Workshop 3: Tokenization

How LLMs split text into pieces

What is tokenization?

LLMs don't read letters or words — they read tokens. A token might be a word, part of a word, or even a single character. The way text gets split affects how the model "sees" your input.

The Tool

Go to platform.openai.com/tokenizer

Type any text and see how it gets split into tokens. Each color is a different token.

Things to Try

Type a simple sentence.

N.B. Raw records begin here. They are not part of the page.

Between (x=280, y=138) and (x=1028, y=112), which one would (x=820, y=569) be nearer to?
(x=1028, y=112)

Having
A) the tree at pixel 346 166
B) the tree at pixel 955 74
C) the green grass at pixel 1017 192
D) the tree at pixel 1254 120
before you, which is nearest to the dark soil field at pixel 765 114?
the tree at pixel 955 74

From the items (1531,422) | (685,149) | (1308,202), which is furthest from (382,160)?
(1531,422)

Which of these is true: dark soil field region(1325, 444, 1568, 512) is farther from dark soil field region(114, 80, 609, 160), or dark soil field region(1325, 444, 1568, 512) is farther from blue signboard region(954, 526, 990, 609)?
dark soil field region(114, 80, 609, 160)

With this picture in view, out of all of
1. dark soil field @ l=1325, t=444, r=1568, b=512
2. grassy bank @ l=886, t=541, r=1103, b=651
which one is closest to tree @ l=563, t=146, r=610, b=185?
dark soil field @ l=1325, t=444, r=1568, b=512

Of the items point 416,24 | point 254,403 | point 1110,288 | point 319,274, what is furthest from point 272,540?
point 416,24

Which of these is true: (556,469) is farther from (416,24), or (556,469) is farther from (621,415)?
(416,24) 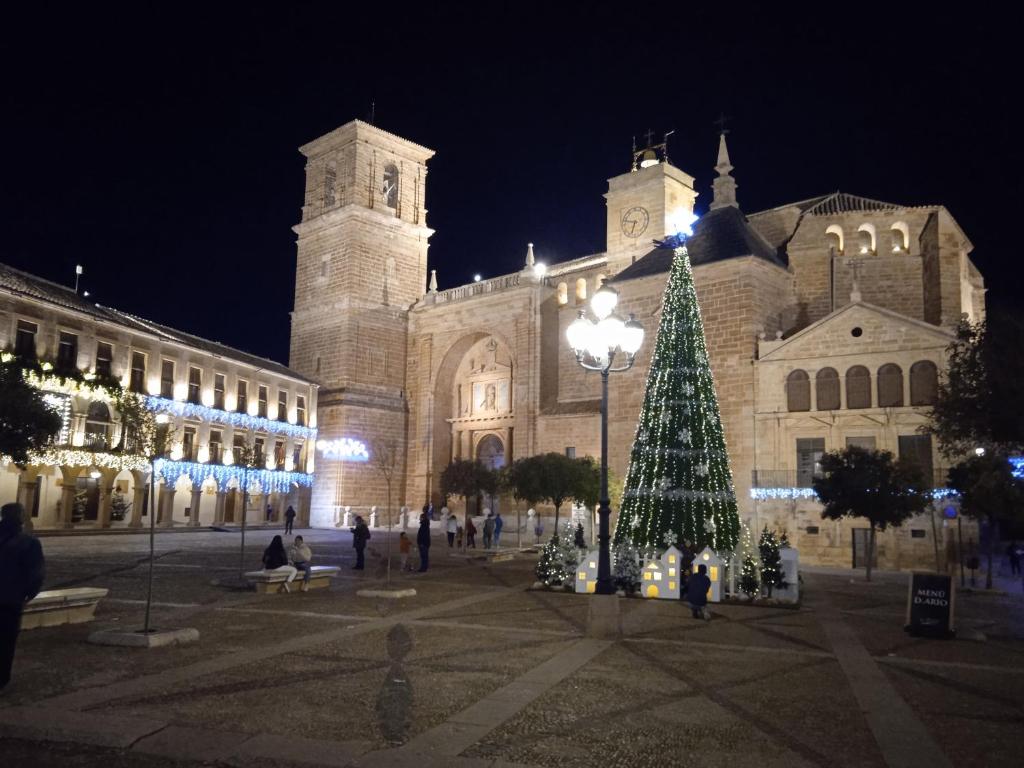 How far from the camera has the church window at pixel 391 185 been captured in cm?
4494

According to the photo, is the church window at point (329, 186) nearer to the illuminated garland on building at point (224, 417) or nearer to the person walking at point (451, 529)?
the illuminated garland on building at point (224, 417)

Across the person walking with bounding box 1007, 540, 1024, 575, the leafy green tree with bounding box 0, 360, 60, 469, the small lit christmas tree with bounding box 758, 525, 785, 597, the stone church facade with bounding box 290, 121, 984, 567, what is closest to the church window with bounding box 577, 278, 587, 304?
the stone church facade with bounding box 290, 121, 984, 567

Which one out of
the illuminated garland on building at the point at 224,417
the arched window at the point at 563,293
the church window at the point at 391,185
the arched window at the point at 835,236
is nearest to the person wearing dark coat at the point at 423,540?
the illuminated garland on building at the point at 224,417

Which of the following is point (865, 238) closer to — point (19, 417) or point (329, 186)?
point (329, 186)

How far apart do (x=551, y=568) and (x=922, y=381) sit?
1602cm

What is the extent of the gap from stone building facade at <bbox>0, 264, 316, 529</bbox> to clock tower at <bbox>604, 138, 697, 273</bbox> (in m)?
17.0

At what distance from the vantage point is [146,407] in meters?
24.4

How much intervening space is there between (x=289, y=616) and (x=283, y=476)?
2993 centimetres

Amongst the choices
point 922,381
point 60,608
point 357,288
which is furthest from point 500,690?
point 357,288

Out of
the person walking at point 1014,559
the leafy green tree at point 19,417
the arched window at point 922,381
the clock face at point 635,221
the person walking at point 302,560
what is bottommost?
the person walking at point 1014,559

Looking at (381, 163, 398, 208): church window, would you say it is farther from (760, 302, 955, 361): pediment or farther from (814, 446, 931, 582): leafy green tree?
(814, 446, 931, 582): leafy green tree

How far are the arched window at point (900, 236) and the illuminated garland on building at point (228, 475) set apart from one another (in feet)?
86.2

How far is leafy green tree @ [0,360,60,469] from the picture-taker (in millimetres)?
17328

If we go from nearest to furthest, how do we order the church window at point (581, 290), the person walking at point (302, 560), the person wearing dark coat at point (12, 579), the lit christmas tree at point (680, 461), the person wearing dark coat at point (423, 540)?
1. the person wearing dark coat at point (12, 579)
2. the person walking at point (302, 560)
3. the lit christmas tree at point (680, 461)
4. the person wearing dark coat at point (423, 540)
5. the church window at point (581, 290)
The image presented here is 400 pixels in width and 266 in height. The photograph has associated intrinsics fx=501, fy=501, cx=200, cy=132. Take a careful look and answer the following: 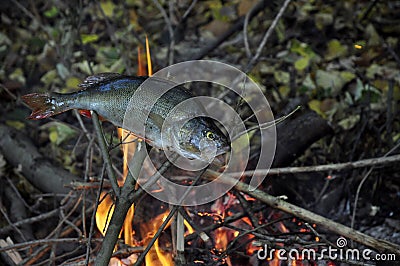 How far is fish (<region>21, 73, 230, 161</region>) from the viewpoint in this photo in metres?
1.59

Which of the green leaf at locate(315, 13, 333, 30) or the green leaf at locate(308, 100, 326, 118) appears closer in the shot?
the green leaf at locate(308, 100, 326, 118)

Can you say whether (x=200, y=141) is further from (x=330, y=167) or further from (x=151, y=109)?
(x=330, y=167)

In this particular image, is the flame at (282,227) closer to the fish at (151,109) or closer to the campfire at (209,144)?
the campfire at (209,144)

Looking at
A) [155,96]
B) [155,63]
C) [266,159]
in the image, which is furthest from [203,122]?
[155,63]

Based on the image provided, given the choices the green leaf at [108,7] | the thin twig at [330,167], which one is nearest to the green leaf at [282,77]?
the thin twig at [330,167]

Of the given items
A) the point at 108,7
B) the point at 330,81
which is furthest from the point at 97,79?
the point at 108,7

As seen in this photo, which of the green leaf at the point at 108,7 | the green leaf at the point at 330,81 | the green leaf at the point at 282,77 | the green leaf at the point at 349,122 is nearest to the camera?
the green leaf at the point at 349,122

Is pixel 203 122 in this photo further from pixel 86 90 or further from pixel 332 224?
pixel 332 224

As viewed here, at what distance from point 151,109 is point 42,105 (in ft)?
1.41

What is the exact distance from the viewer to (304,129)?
2.88m

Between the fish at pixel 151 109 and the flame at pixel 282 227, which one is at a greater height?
the flame at pixel 282 227

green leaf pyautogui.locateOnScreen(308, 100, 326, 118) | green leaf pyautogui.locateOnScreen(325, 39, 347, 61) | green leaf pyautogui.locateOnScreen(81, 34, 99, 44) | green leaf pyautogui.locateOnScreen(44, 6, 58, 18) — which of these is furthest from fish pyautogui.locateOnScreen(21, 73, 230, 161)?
green leaf pyautogui.locateOnScreen(44, 6, 58, 18)

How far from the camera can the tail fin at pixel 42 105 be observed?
1.79 metres

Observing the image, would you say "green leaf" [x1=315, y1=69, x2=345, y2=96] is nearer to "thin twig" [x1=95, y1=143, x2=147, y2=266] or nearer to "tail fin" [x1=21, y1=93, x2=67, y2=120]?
"thin twig" [x1=95, y1=143, x2=147, y2=266] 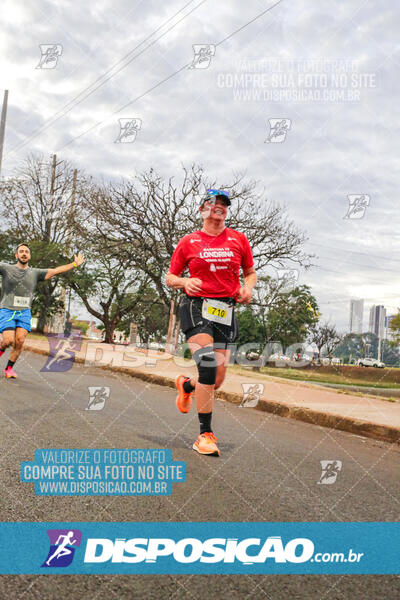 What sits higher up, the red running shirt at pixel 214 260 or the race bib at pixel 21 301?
the red running shirt at pixel 214 260

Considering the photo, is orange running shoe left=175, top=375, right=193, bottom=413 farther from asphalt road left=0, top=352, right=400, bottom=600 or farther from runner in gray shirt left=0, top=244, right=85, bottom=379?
runner in gray shirt left=0, top=244, right=85, bottom=379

How many tokens?
Try a long word vs. multiple short words
Try the same word in lowercase, UPPERCASE, and Capitalized
Type a word with a typo — what happens?
Try numbers: 100 vs. 1000 vs. 10000
Try different languages (French, English, Chinese, Arabic...)
Try code: function hello() { return "world"; }
Try emojis 🎉🤖🔥 or 👨🏿‍🔬

Questions to Consider

Why do common words get their own token but rare words get split?
Why does whitespace matter?
Why might non-English languages use more tokens for the same meaning?
How could tokenization affect the cost of using an API (priced per token)?
If the model sees "un", "believ", "able" as separate tokens, does it know they form one word?
One big LLM limitation is counting letters in a word. (eg: how many "r" in "strawberry"?) Can you guess why?